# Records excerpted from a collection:
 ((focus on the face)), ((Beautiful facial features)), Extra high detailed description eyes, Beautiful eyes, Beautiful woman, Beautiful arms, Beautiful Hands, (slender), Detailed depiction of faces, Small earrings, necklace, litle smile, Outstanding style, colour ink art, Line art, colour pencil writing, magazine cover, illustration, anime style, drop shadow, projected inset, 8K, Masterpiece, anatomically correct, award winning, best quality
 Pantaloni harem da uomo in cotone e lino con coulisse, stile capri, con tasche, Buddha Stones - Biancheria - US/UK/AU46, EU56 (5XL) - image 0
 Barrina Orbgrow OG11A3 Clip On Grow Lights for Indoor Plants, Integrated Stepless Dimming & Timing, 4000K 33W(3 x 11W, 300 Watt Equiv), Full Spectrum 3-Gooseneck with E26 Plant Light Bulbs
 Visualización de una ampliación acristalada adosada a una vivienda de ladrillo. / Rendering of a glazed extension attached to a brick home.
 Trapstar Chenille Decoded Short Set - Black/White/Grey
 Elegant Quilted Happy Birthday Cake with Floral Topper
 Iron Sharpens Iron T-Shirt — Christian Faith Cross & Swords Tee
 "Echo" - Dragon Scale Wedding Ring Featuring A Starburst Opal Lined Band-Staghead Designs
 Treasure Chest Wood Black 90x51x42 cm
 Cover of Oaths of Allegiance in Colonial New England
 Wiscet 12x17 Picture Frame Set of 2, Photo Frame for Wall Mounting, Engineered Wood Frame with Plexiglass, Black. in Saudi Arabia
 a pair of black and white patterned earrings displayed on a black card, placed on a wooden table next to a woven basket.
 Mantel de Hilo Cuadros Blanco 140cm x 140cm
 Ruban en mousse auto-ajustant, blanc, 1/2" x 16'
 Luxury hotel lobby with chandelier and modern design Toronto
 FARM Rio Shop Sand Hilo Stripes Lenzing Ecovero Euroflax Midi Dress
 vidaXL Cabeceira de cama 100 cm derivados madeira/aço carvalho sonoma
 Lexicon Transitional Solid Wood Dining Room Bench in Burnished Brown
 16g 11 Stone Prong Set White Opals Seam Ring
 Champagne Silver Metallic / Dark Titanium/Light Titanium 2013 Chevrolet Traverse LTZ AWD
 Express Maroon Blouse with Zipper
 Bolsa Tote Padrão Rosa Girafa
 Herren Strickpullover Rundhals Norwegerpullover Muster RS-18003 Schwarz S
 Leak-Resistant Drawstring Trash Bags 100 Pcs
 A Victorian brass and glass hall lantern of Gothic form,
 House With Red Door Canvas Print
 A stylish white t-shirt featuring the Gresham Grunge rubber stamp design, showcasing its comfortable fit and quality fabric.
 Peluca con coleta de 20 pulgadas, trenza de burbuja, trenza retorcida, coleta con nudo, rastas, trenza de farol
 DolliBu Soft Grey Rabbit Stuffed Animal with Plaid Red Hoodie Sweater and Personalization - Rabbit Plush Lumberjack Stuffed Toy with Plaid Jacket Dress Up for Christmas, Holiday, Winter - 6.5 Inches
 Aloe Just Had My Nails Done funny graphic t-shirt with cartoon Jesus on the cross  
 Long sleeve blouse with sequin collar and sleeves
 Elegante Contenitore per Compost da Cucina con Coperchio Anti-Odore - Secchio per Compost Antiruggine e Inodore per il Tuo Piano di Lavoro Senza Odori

# Goal of the exercise:
Would you filter the records and copy each line that contains the word "earrings"?

# Your solution:
 ((focus on the face)), ((Beautiful facial features)), Extra high detailed description eyes, Beautiful eyes, Beautiful woman, Beautiful arms, Beautiful Hands, (slender), Detailed depiction of faces, Small earrings, necklace, litle smile, Outstanding style, colour ink art, Line art, colour pencil writing, magazine cover, illustration, anime style, drop shadow, projected inset, 8K, Masterpiece, anatomically correct, award winning, best quality
 a pair of black and white patterned earrings displayed on a black card, placed on a wooden table next to a woven basket.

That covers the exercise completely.